Regimes of Cavity-QED under Incoherent Excitation: From Weak to Deep Strong Coupling

TL;DR

This paper investigates the photon emission behavior of a two-level atom interacting with a quantized field across all light-matter coupling regimes, addressing theoretical challenges and gauge invariance issues in the ultrastrong and deep strong coupling regimes.

Contribution

It provides a comprehensive analysis of photon flux emission under incoherent excitation across all coupling strengths, including the deep strong coupling regime, ensuring gauge invariance and addressing limitations of standard models.

Findings

Photon flux emission rate varies with coupling strength and temperature.

Light-matter decoupling occurs in the deep strong coupling regime.

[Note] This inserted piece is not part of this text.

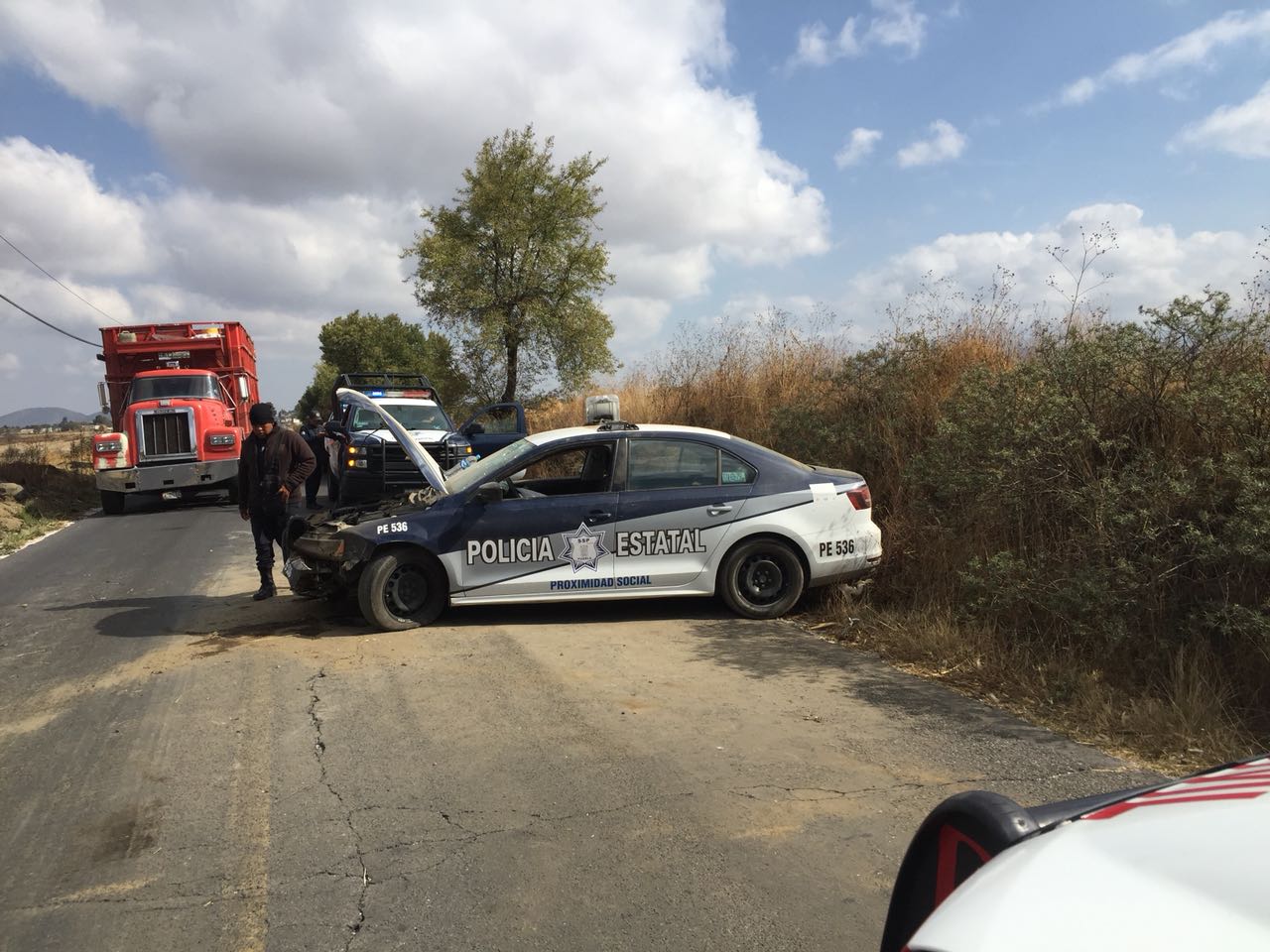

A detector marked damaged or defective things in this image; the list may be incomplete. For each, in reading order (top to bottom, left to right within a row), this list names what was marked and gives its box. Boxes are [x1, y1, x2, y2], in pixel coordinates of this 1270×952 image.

cracked road [0, 502, 1159, 948]
damaged police car [286, 387, 881, 631]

Results are gauge invariant across regimes.

Abstract

The prototypical system constituted by a two-level atom interacting with a quantized single-mode electromagnetic field is described by the quantum Rabi model (QRM). The QRM is potentially valid at any light-matter interaction regime, ranging from the weak (where the decay rates exceeds the coupling rate) to the deep strong coupling (where the interaction rate exceeds the bare transition frequencies of the subsystems). However, when reaching the ultrastrong coupling regime, several theoretical issues may prevent the correct description of the observable dynamics of such a system: (i) the standard quantum optics master equation fails to correctly describe the interaction of this system with the reservoirs; (ii) the correct output photon rate is no longer proportional to the intracavity photon number; and (iii) the appears to violate gauge invariance. Here, we study the photon flux emission rate of this system under the incoherent excitation of the two-level atom for any light-matter interaction strength, and consider different effective temperatures. The dependence of the emission spectra on the coupling strength is the result of the interplay between energy levels, matrix elements of the observables, and the density of states of the reservoirs. Within this approach, we also study the occurence of light-matter decoupling in the deep strong coupling regime, and show how all of the obtained results are gauge invariant.